======== Supplied records

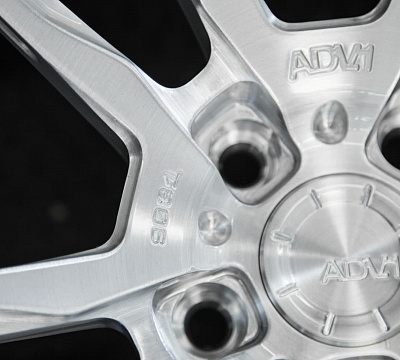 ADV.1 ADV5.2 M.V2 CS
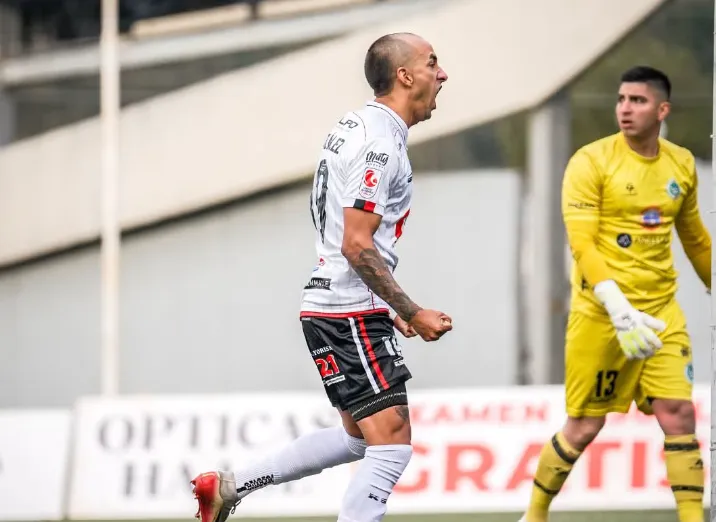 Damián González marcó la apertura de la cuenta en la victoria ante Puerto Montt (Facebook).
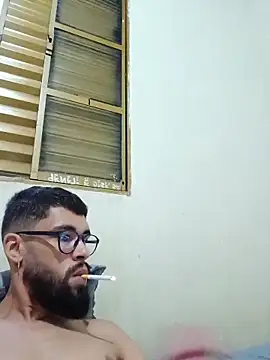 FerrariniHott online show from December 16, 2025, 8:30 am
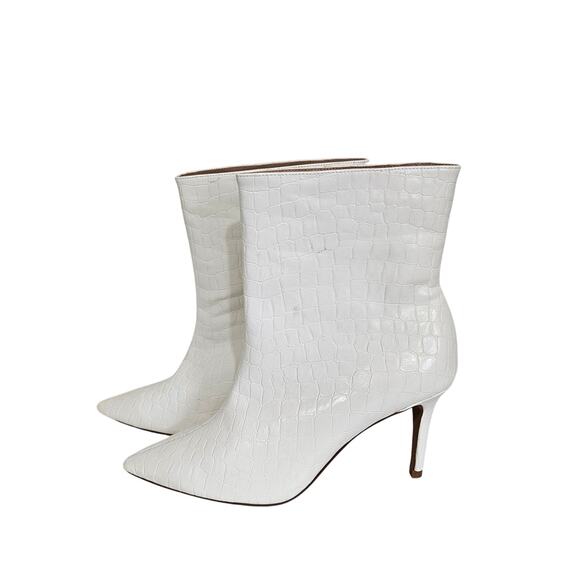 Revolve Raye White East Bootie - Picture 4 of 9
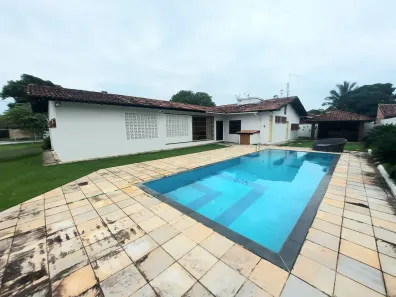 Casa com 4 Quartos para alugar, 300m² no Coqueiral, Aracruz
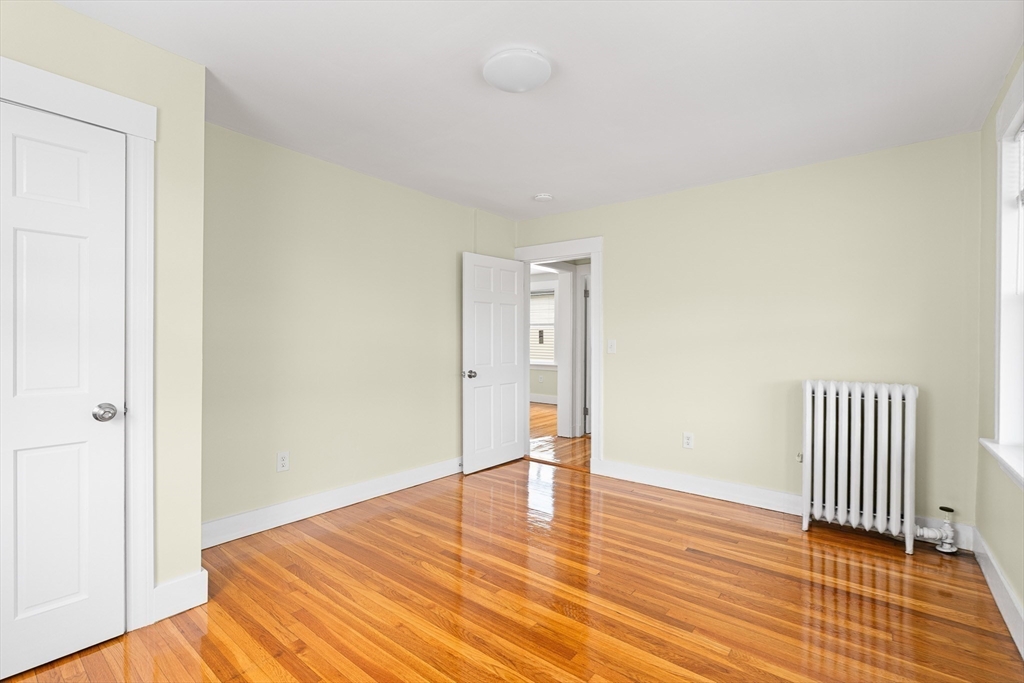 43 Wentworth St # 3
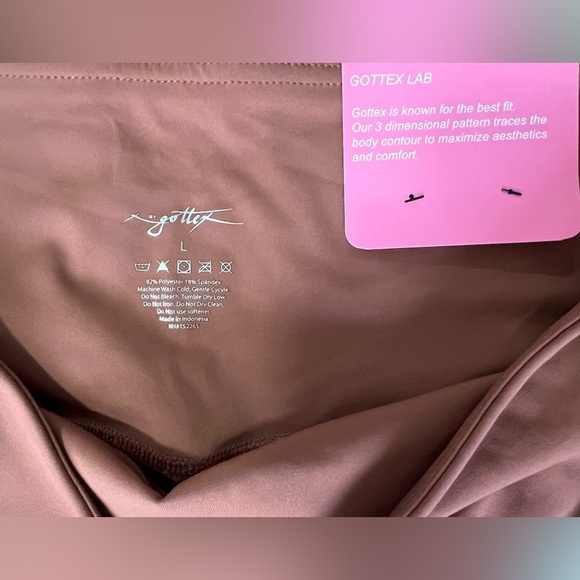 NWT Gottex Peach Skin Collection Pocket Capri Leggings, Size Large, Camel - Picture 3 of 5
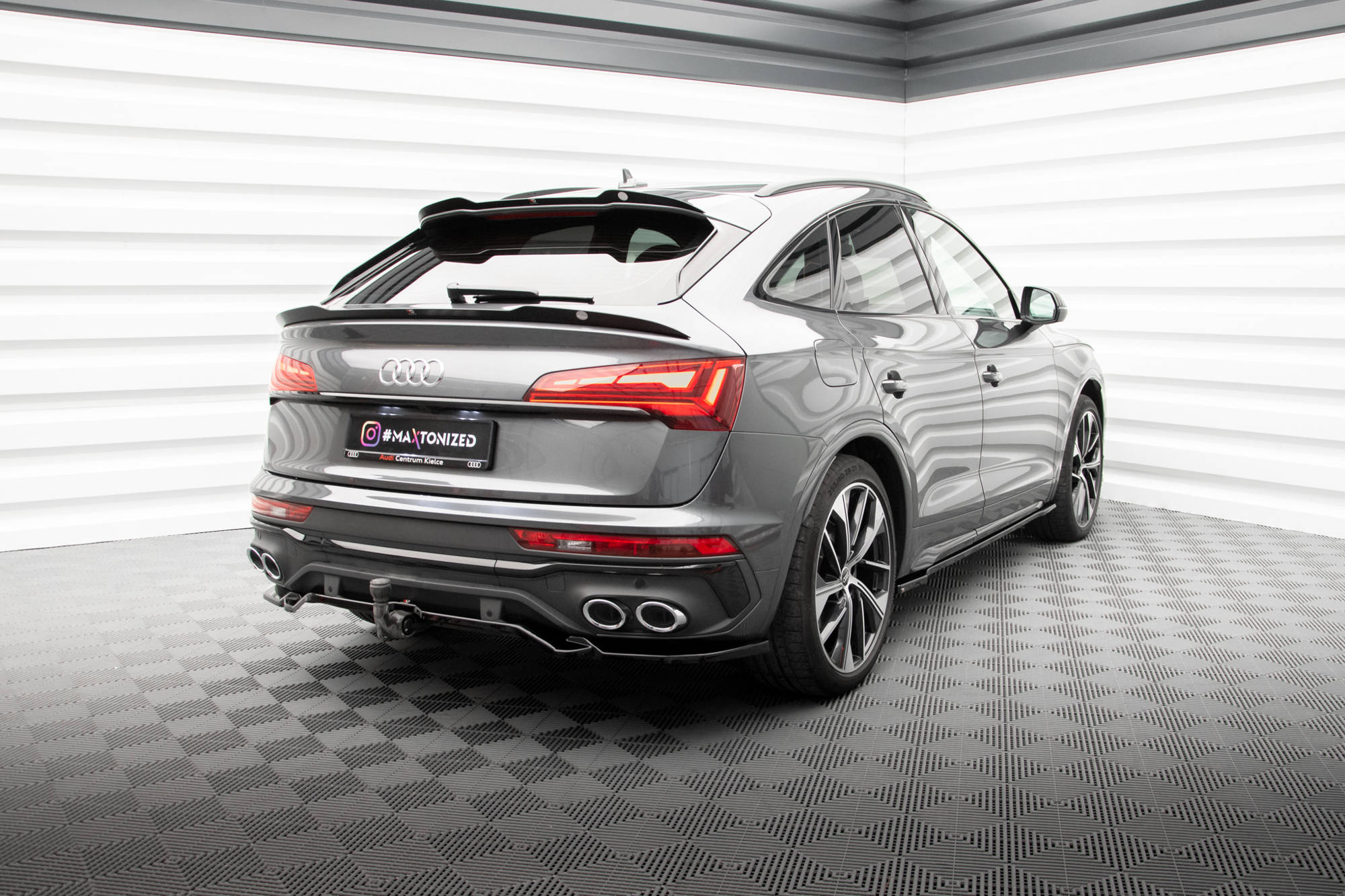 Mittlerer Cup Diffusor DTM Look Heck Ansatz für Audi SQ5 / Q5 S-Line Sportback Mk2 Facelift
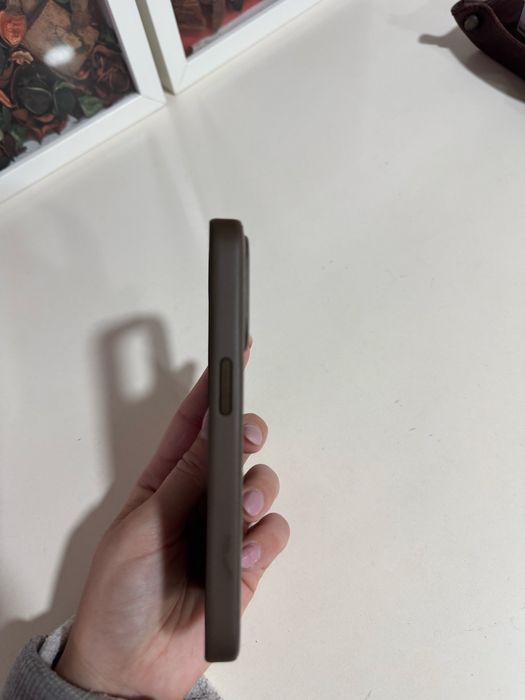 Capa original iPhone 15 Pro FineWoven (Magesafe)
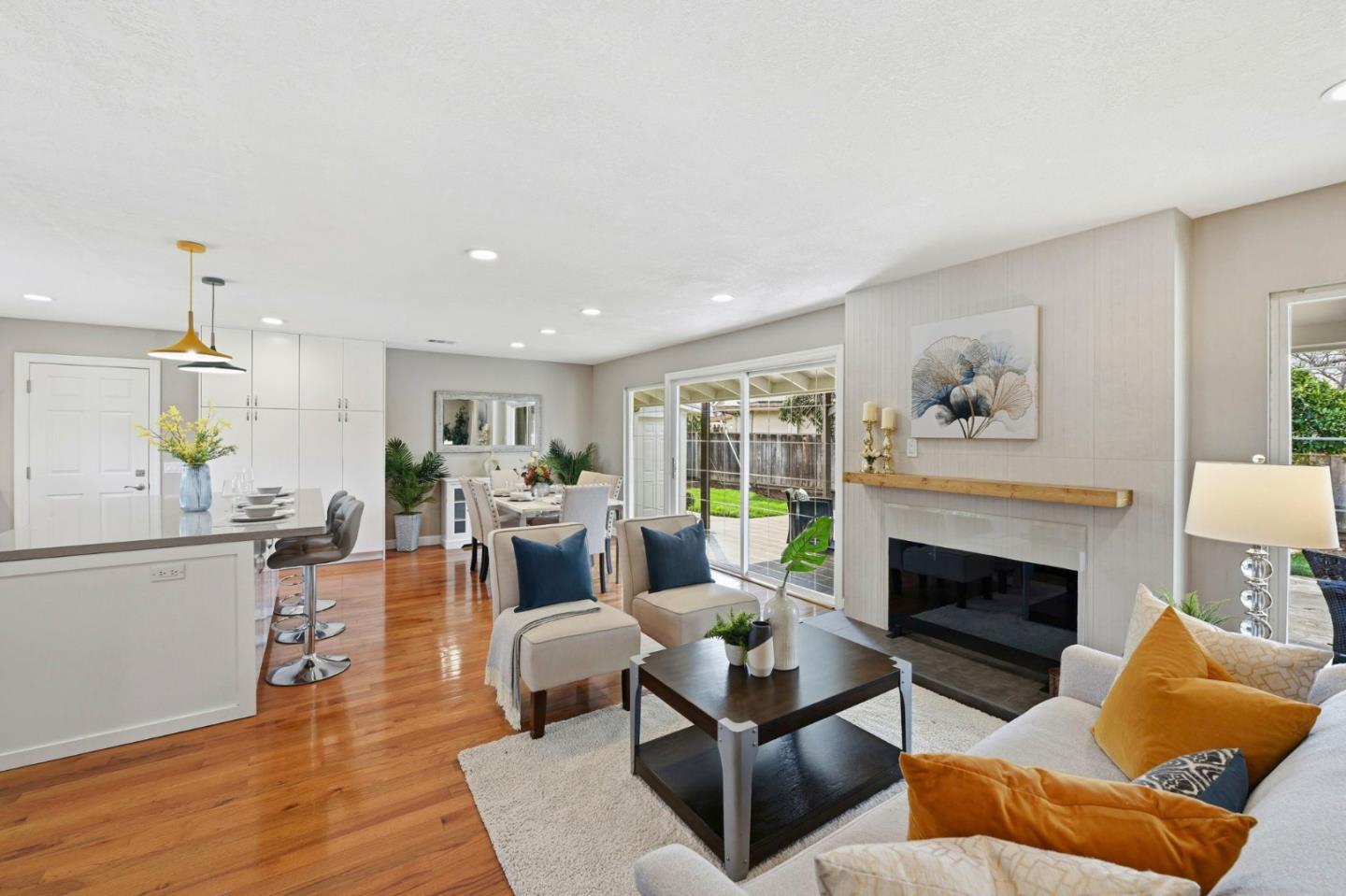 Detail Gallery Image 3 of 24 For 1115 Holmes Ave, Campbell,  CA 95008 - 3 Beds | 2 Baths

================

* Try it:
This task asks for the data above repeated exactly, without a single picture.

* Answer space:
 ADV.1 ADV5.2 M.V2 CS
 Damián González marcó la apertura de la cuenta en la victoria ante Puerto Montt (Facebook).
 FerrariniHott online show from December 16, 2025, 8:30 am
 Revolve Raye White East Bootie - Picture 4 of 9
 Casa com 4 Quartos para alugar, 300m² no Coqueiral, Aracruz
 43 Wentworth St # 3
 NWT Gottex Peach Skin Collection Pocket Capri Leggings, Size Large, Camel - Picture 3 of 5
 Mittlerer Cup Diffusor DTM Look Heck Ansatz für Audi SQ5 / Q5 S-Line Sportback Mk2 Facelift
 Capa original iPhone 15 Pro FineWoven (Magesafe)
 Detail Gallery Image 3 of 24 For 1115 Holmes Ave, Campbell,  CA 95008 - 3 Beds | 2 Baths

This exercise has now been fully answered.